Collaborative Counseling offers both individual DBT and group DBT services.

Narrative Therapy

As humans, we are meaning making machines and we constantly make meaning of our lives and experiences. Narrative therapy helps you separate the stories you tell yourself from who we actually are. It views problems we experience as something separate from us and is sometimes described as therapy focused on “re-authoring” or re-storying” the stories of our life. Narrative therapy tends to be a process requiring curiosity. And you learn your own perspectives within your story about yourself, what has happened, other people and events in your history.
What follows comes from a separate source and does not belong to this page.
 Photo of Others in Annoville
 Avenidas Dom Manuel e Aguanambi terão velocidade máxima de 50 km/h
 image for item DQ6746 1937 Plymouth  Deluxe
Narrative therapy focuses on the stories of your life and how you have come to interpret yourself, others and the world around you. Life is complicated, so we find ways to explain and make meaning of it. These explanations, the stories we tell ourselves, organize our experiences and shape our behavior. Through processing your narratives (stories of your life) and looking at how you have interpreted these experiences. And you may find different interpretations to be more helpful.

Solution Focused Therapy

Solution Focused therapy focuses on empowering you to use your resourcefulness and skills to manage your problems. This is considered a brief therapy meaning you can expect a short-term therapy that focuses on the current concerns and learning to solve your own problems. This therapy focuses on your strengths and the skills you have demonstrated from solving other problems in your life. Through this process you learn to use your skills and abilities to solve your current concerns or problems.

Humanistic (Person-Centered)

Humanistic psychology focuses on having empathy, warmth and positive regard for clients in counseling. Therapists operating from a Humanistic perspective believe you know the direction you need to head in and that you are the expert of yourself and your life. Humanistic therapists tend to have a focus on helping clients to move towards self-actualization, which is about helping you to become the best you can.

Humanistic therapies tend to focus on developing self awareness, mindfulness and other skills to help you change your state of mind and behavior. This therapy aims to help you to be more in alignment with who you want to be or become. You can expect more of a focus on the positive aspects of yourself in therapists who utilize this approach.

Interpersonal Therapy

Interpersonal therapy focuses on interpersonal relationships and improving social functioning. This therapy focuses on conflicts, changes in life, grief and interpersonal deficits. It teaches you how to improve the above areas to enable you to have better relationships and social connectedness. Like Solution Focused Therapy, this approach tends to be brief and time limited.